René n’est à sa place nulle part. Ni dans l’appartement qu’il partage seul avec sa mère, femme absente, aux manières froides ; ni avec les autres enfants de son école ; ni dans cette ville canadienne trop grande. Hypersensible, sauvage, il est sujet aux évanouissements durant lesquels il voyage dans des mondes fantasmagoriques. Au cours de l’un d’eux, il part à la recherche de son lapin qui s’est enfui. René bascule alors dans un monde peuplé de créatures aussi terrifiantes que bienveillantes. Sorcière sensuelle et cannibale en souffrance, ogre mangeur de lumière, créatures sans mémoire ou géant au cœur simple, côtoient René, qui lui-même se métamorphose au gré des rencontres. Il devient Renée, fleur, chatte, arbre… Et revisite les mythes fondateurs des Premières Nations, peuples autochtones canadiens. Mais, où s’arrête le rêve ? Et qui rêve, véritablement ? René, petit garçon à la recherche de son lapin ? René, homme au crépuscule de sa vie, à la recherche de ses blessures enfouies ? Ou encore Judith, sa fille, à qui René révélera la terrible histoire de son enfance volée et de sa véritable identité, par l’intermédiaire du rêve ? »
Tel est le pitch extrêmement bien fait des Éditions Sarbacane.

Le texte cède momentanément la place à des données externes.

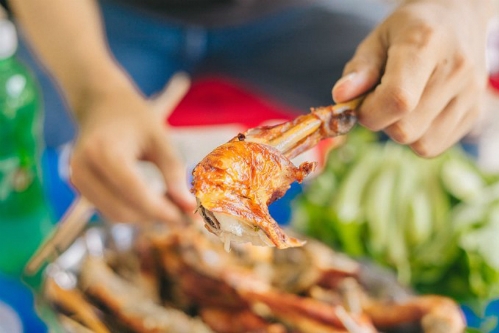 Using hands to eat the grilled chickens is the best way to enjoy the dish. Photo VnExpress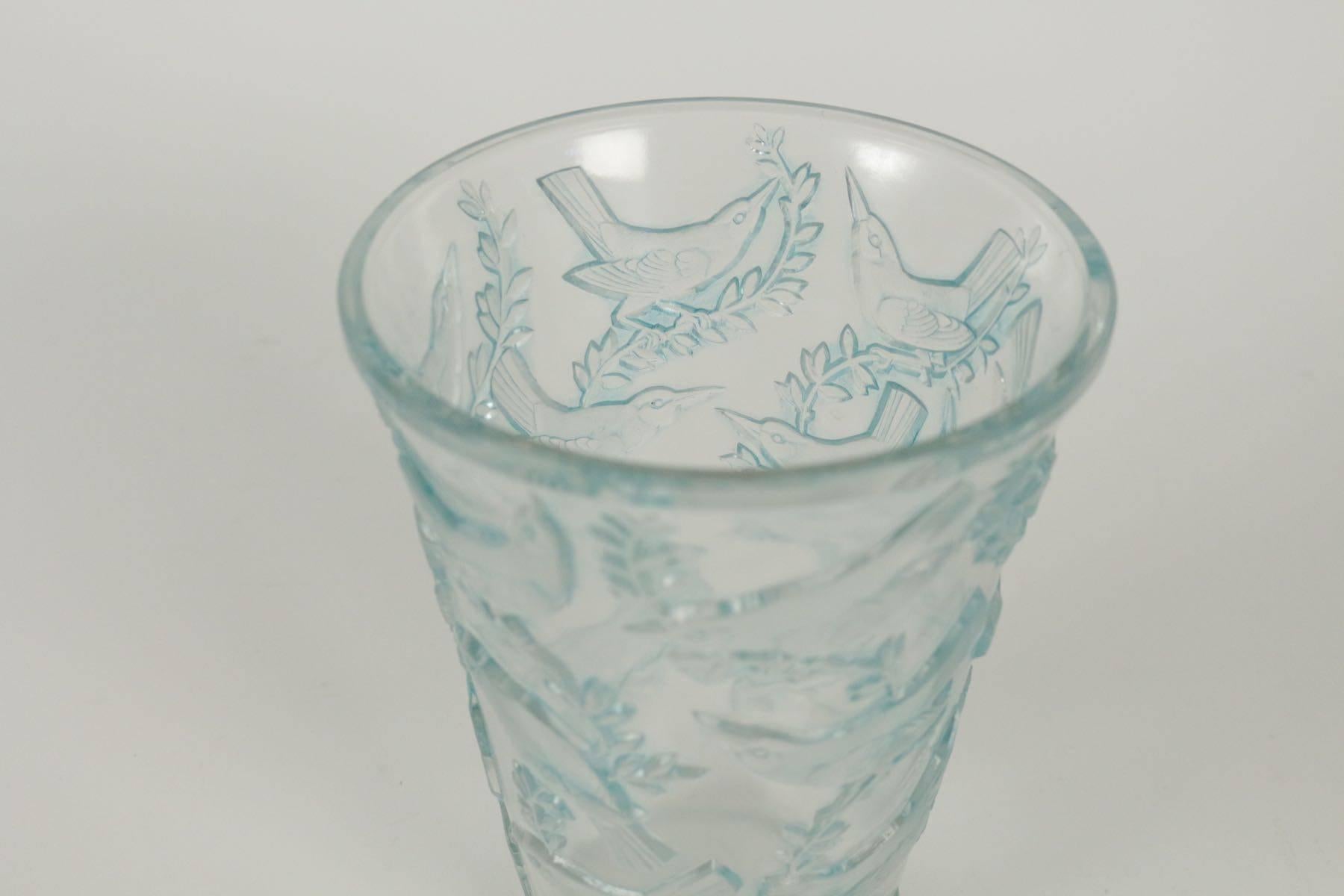 Clear pressed moulded glass vase and blue stained with frosted birds on branches all-around the exterior on the widening to rim form. This vase is impressed with birds resting upon branches vertically climbing the vase. The nicely detailed birds and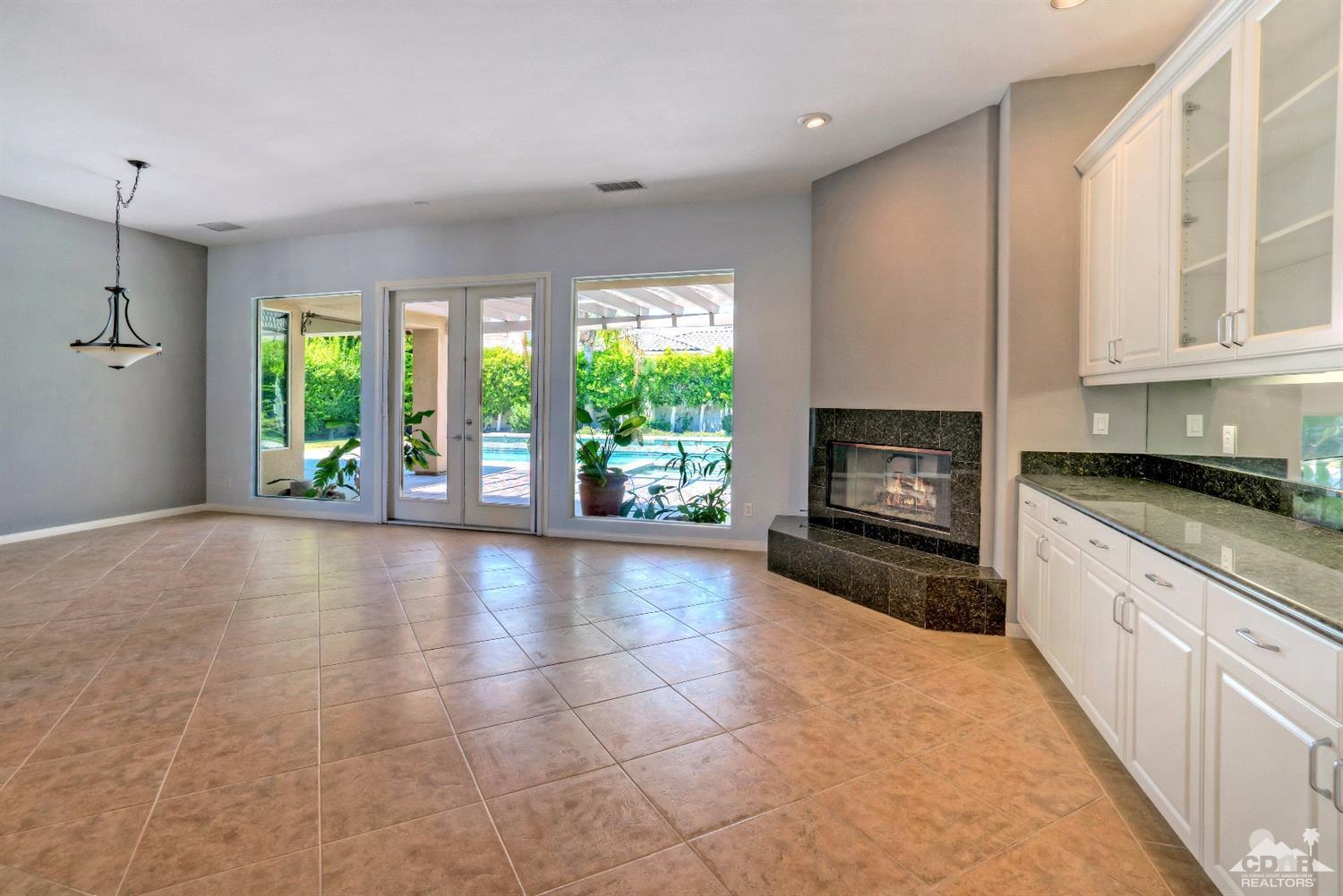 52 Sherwood Road Rancho Mirage, CA 92270 - Photo 6 of 25 a view of an empty room with window and fire place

Chaque mot y est pesé et donne les grandes lignes du récit sans trop en dévoiler.
Les métamorphoses sont la clé même du récit puisqu’elles permettent à l’enfant en passant d’un état à un autre de franchir des seuils et progresser dans son histoire. Chaque transformation va lui permettre de savoir un peu plus d’où il vient et de découvrir ses ancêtres. Et c’est par le rêve qu’on va apprendre en fait les évènements tragiques et le drame qu’a vécus René.e.
Tableaux d’une narration
Artiste protéiforme, peintre de décors de cinéma, photographe et illustratrice de presse et de livres jeunesse, Elene Usdin signe là son premier roman graphique. Projet initié il y a une vingtaine d’années, elle le ressortira de ses tiroirs en 2017 après avoir trouvé lors d’un voyage à Montréal le fil conducteur du récit : l’épisode dramatique qui a frappé la population amérindienne dans les années 60.

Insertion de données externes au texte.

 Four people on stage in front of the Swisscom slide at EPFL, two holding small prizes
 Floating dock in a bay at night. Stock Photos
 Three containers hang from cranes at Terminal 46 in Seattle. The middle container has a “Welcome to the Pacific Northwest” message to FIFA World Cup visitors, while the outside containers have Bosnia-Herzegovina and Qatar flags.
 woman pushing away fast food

Cet album est le fruit d’une véritable démarche artistique. Chaque planche est par sa composition même un véritable tableau en soi. Au commencement sont les couleurs, puis elles prennent forme pour nous raconter une histoire, des histoires. Cette utilisation de la couleur va permettre au lecteur de distinguer les différents fils temporels de l’histoire. Le rêve est un véritable feu d’artifice : on en prend plein les yeux ! La réalité ou plutôt le temps présent est décliné en camaïeu de gris. Monochromes bleus et rouges liés aux souvenirs ou flash-backs ponctuent le récit. Mais tout n’est pas si simple. Où et quand s’arrête le rêve ? Les frontières entre rêve, souvenir enfoui, et réalité sont poreuses. Priorité est donnée à l’image. Les dialogues, la voix off n’ont été posés à la main que lors de l’ultime étape, une fois le découpage achevé.
René.e aux bois dormants
Quel magnifique titre évocateur à la fois du conte et du rêve ! Le fil narratif a été construit à partir des propres rêves de l’autrice qui depuis très longtemps a pris l’habitude d’en garder une trace et en possède des carnets entiers. Ajoutons à cela l’univers des contes et des mythes du monde entier qu’elle connaît bien puisqu’elle a illustré entre autres de nombreux ouvrages de la collection Histoires noires de la mythologie (Nathan) et Mon tour du monde en 80 contes (Lito). Alors, mixant rêves et mythes, l’autrice donnera naissance à cet univers original, un univers animiste dans lequel, aux côtés de l’enfant au pyjama couleur de ciel guidé par Véhicule, le Deux-esprits dont le nom vient de la Mythologie Thibétaine, on croisera les esprits de la forêt chers à Miyazaki, le Mangeur de lumière qui semble tiré tout droit de l’univers de Francis Bacon ... jusqu’à la rencontre avec Isba, femme-oiseau bleue cracheuse de corbeaux descendante des Wendigos qui réalise les vœux des gens qui viennent la consulter.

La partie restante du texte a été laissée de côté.